🤖 AI Summary
This study addresses the lack of fine-grained modeling of the relationship between the lexical-prosodic forms of backchannels (e.g., “yeah,” “mhm”) and their pragmatic meanings. The authors propose a two-stage framework: first, a large language model is fine-tuned to obtain contextual representations of dialogue; then, contrastive learning is employed to construct a joint embedding space that aligns these contextual representations with backchannel forms. This work presents the first integration of large language models and contrastive learning for this task, incorporating WavLM audio features and human-elicited triplet similarity judgments. The resulting embeddings significantly outperform baseline methods on context–backchannel matching and demonstrate greater alignment with human assessments of backchannel appropriateness.
📝 Abstract
Backchannels (e.g., `yeah', `mhm', and `right') are short, non-interruptive feedback signals whose lexical form and prosody jointly convey pragmatic meaning. While prior computational research has largely focused on predicting backchannel timing, the relationship between lexico-prosodic form and meaning remains underexplored. We propose a two-stage framework: first, fine-tuning large language models on dialogue transcripts to derive rich contextual representations; and second, learning a joint embedding space for dialogue contexts and backchannel realizations.

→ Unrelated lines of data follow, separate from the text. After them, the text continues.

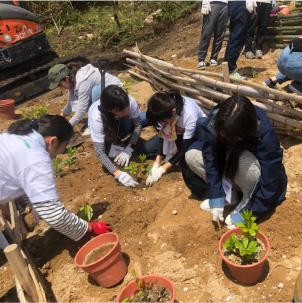 Selecting and planting the trees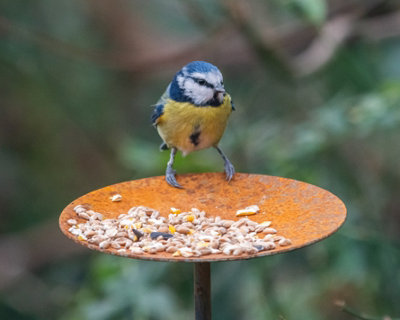 Rackhams Blue Bird Feeder Platform - Medium - Image 3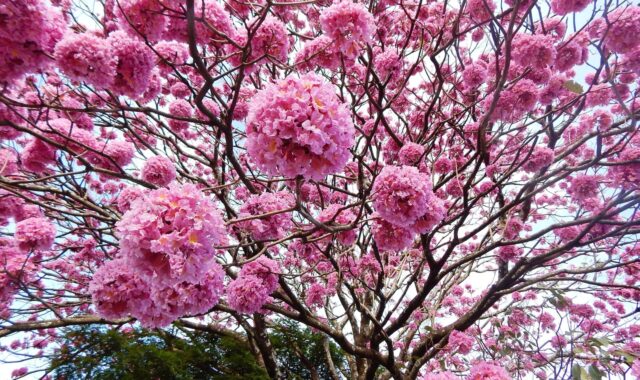 ipê, ipê-rosa, ipê-purple, flower wallpaper, winter, nature, flower background, flowers, pink flowers, flowering ipe, beautiful flowers, pink ipe, brazil, tree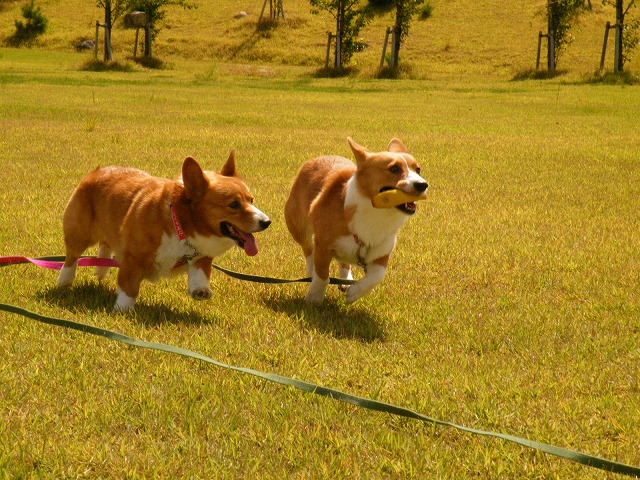 c0127617_17361420.jpg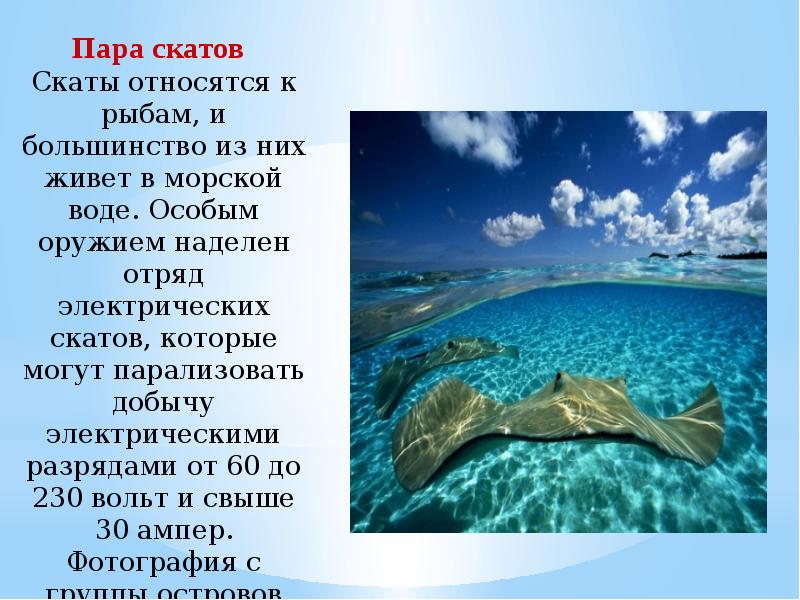 Презентация подводный мир морей и океанов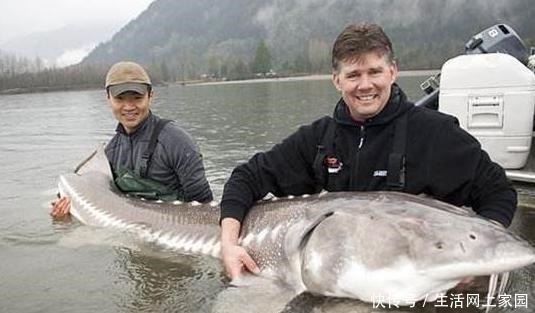 看完|为何说中国把鱼子酱拉下“奢侈品”神坛,看完才知道,是我们太强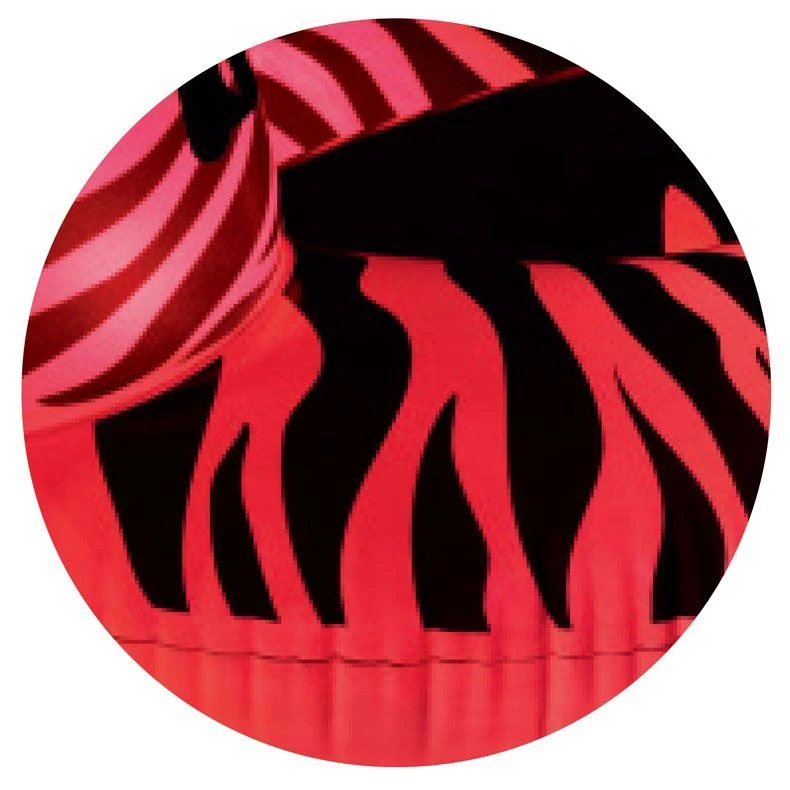 Bestway 41406E H2OGO Lights 'n Stripes Zebra Float - Image 14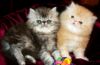 Персидские котятки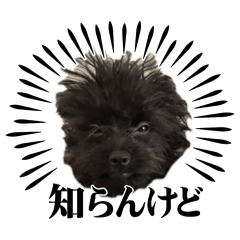 [LINEスタンプ] ブラッキーの成長 2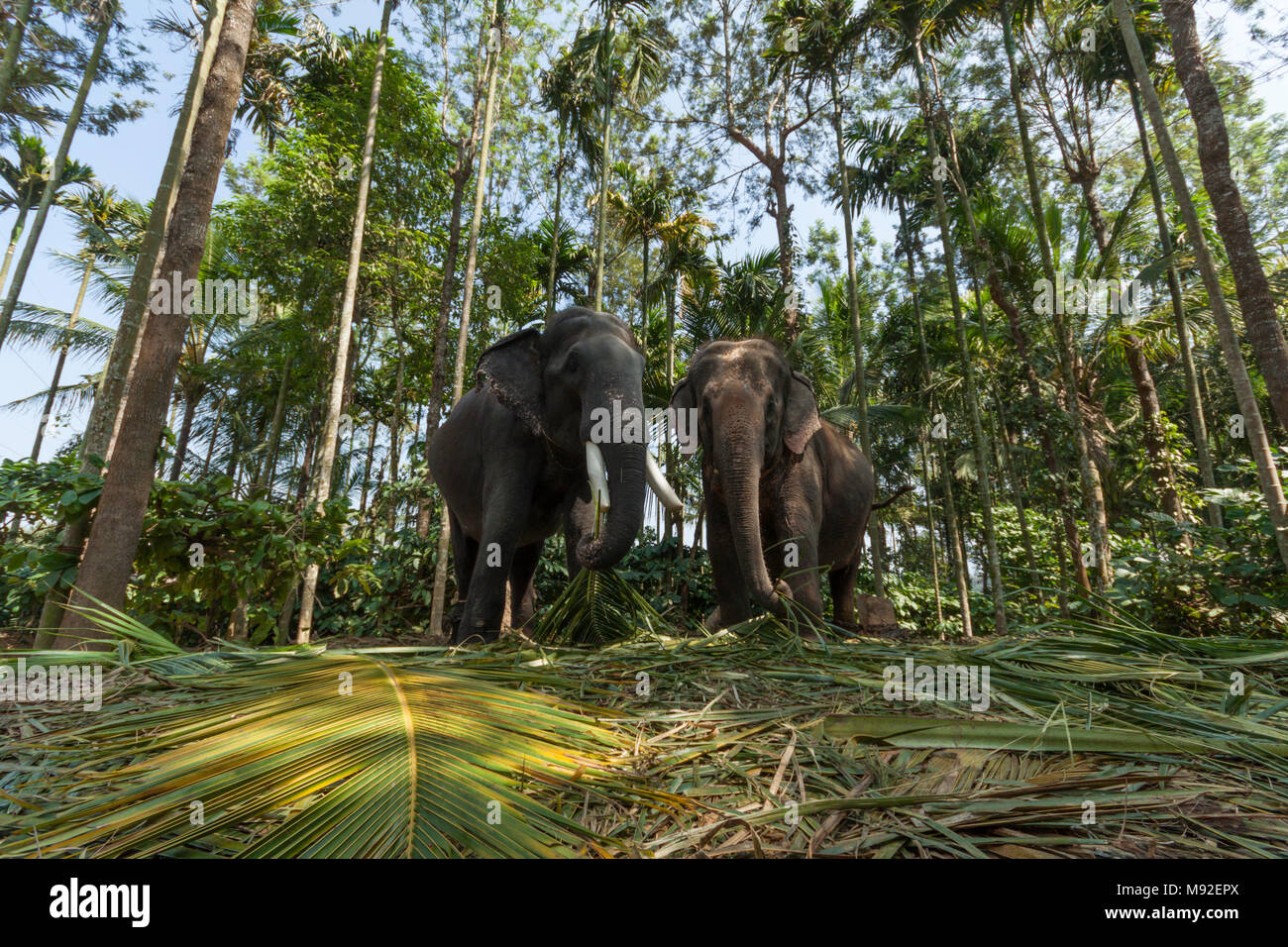 Two elephants at Thekkady, Periyar, Kerala, India used to take tourists on rides. Stock Photo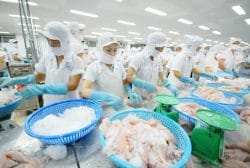 Thị trường nội địa - 'Thành trì dài hạn' của cá tra Việt Nam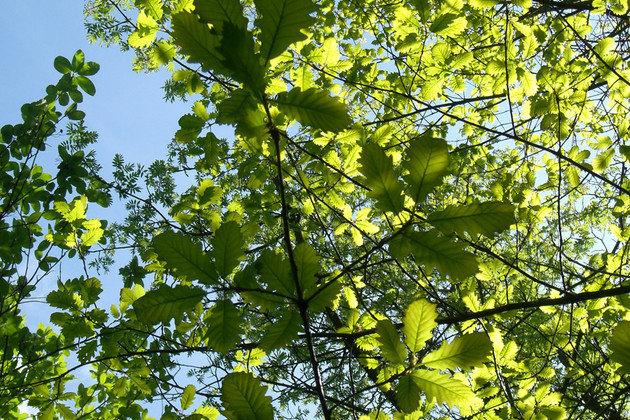 Baumblätter von unten gegen den Himmel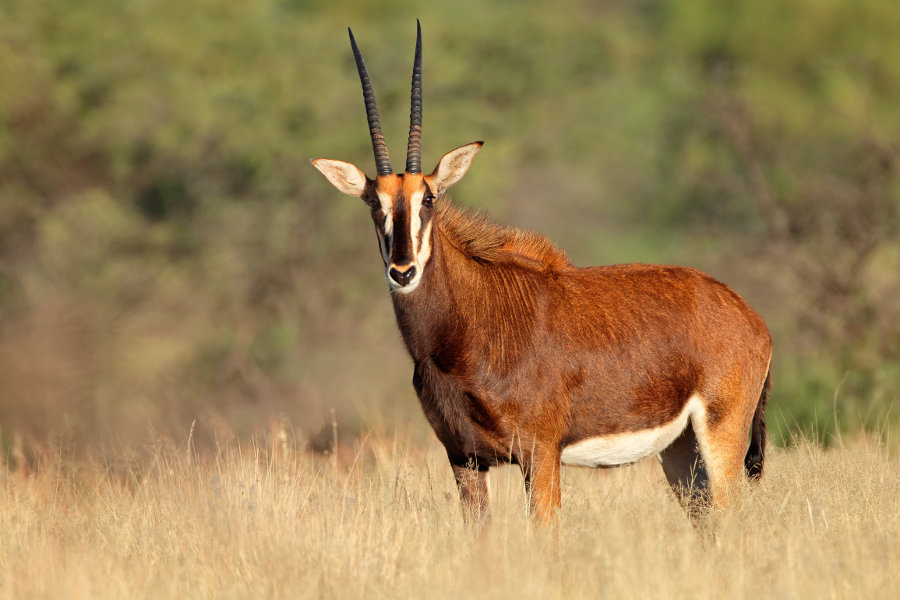 gambar impala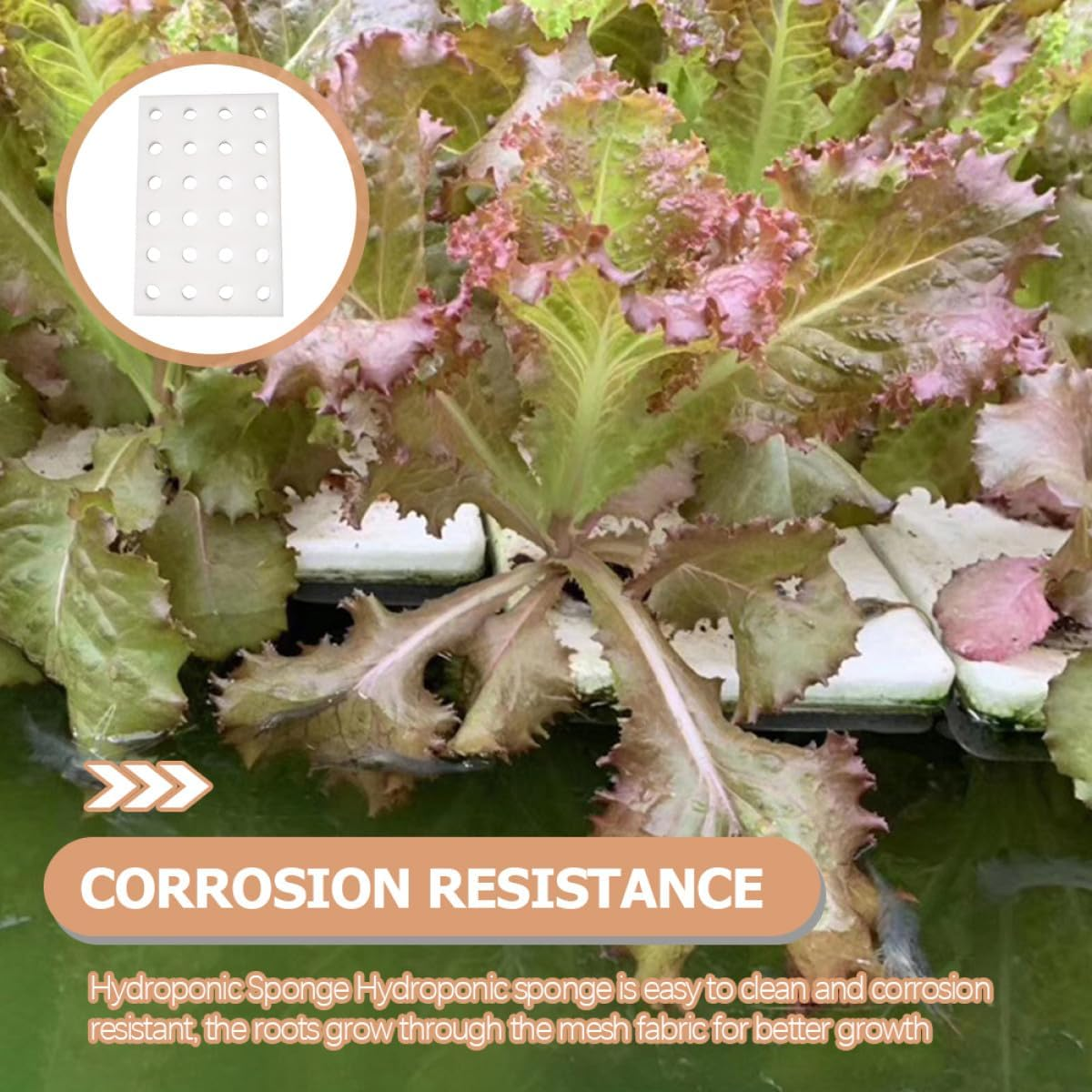 CIYODO 2Pcs Hydroponic Floating Plant Boards 40Mm Hole Diameter Foam Blocks Soil-Free Hydroponic Gardening Supplies for Vegetable and Sprout Growing in Home Greenhouse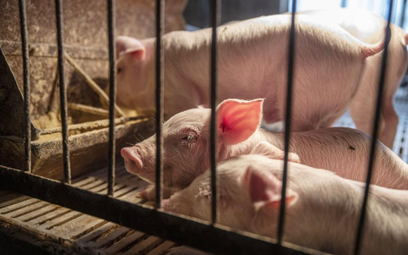 ASF: Chiny mają 3-letni plan odbudowy hodowli świń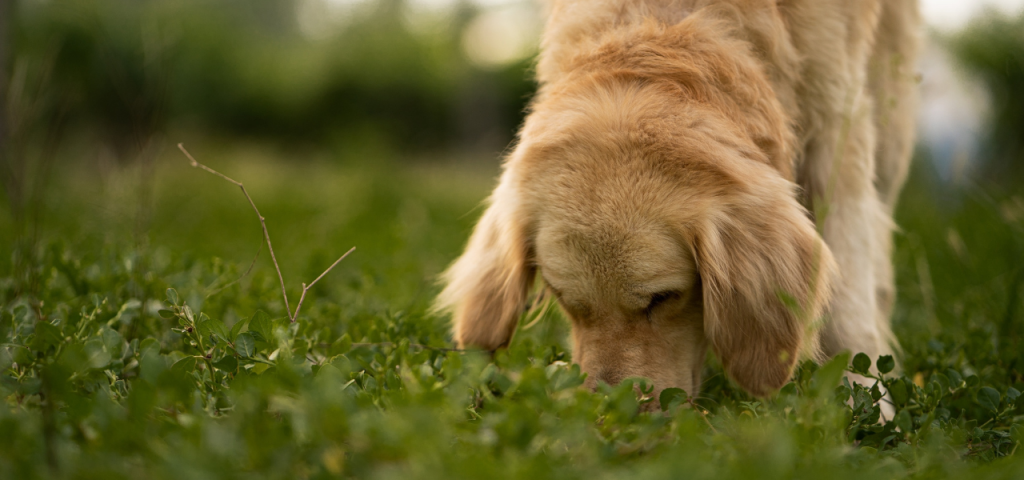 Der ausgeglichene Hund - Voraussetzungen und Tipps für mehr Entspannung und  Wohlbefinden 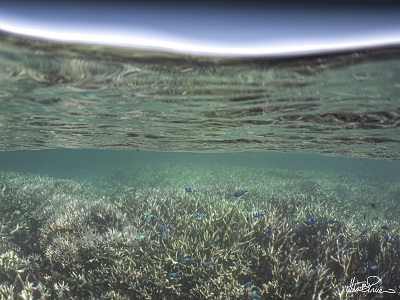 UQ Science (@uqscience) on Twitter photo A collaborative project led by #UQ’s citizen science program <a href="/Coral_Watch/">CoralWatch</a> is aiming to get more people collecting valuable coral health data around the world.
Read more: tinyurl.com/32srmua2
📸: Marta Panero A collaborative project led by #UQ’s citizen science program <a href="/Coral_Watch/">CoralWatch</a> is aiming to get more people collecting valuable coral health data around the world.
Read more: tinyurl.com/32srmua2
📸: Marta Panero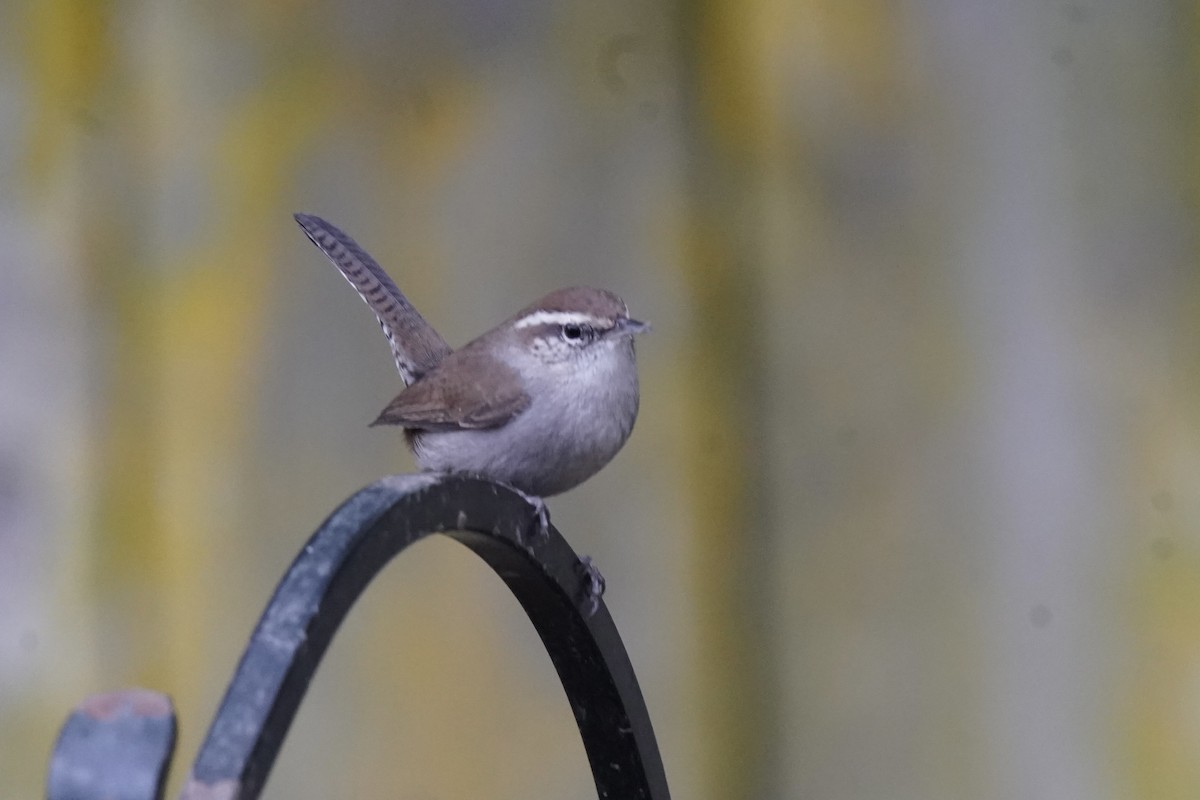 Bewick's Wren - ML643958669
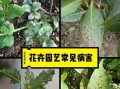 花卉病虫害检测方法与防治措施（全面了解花卉病虫害，有效预防与治理）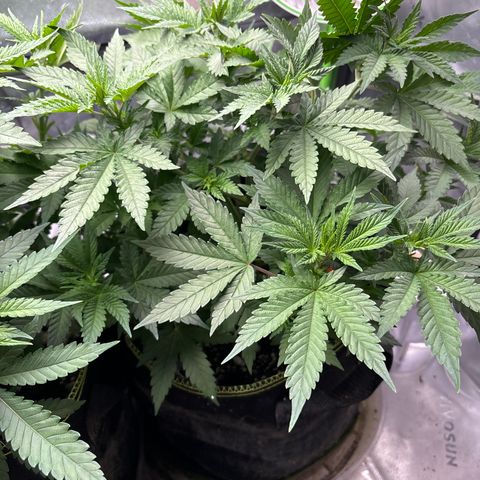 Blue Dream #3 growlog timeline photo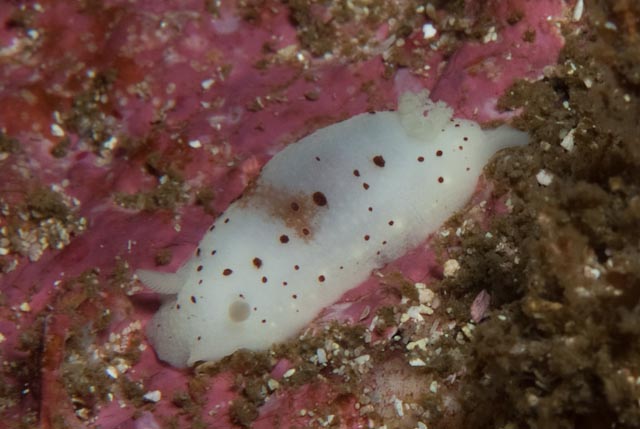 seastung's tweet photo. #seaslugSaturday! and why not. a collection of dorid #nudibranchs from False Bay #ocean #marinelife #biodiversity https://t.co/k5obxDNHEG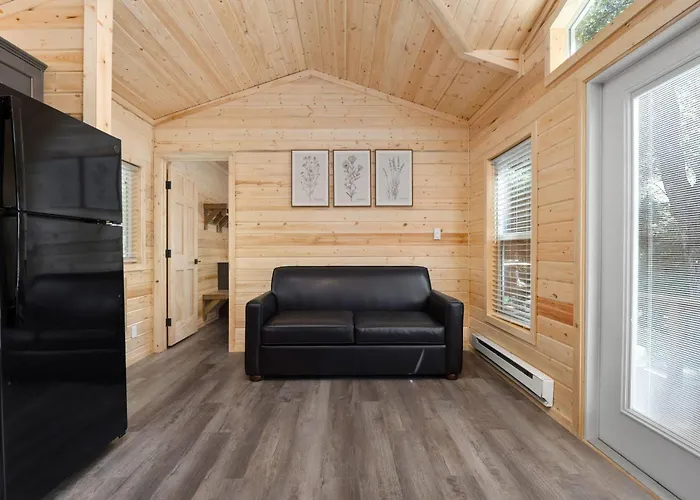 Brand New Cabins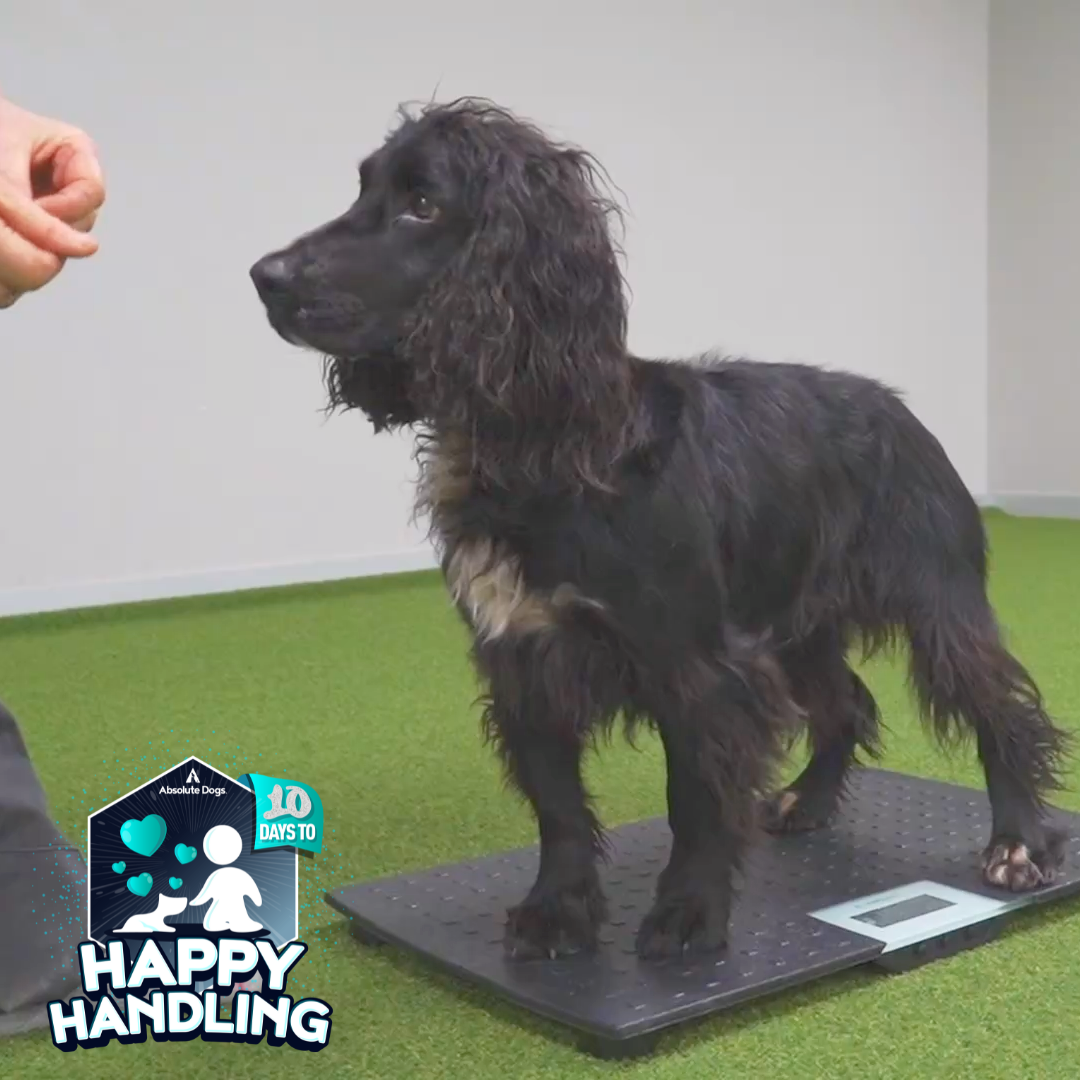 Cooperative Care (includes 10 Days to Happy Handling)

We evaluate alignment with human perception via triadic similarity judgments (prosodic and cross-lexical) and a context-backchannel suitability task. Our results demonstrate that the learned projections substantially improve context-backchannel retrieval compared to previous methods. In addition, they reveal that backchannel form is highly sensitive to extended conversational context and that the learned embeddings align more closely with human judgments than raw WavLM features.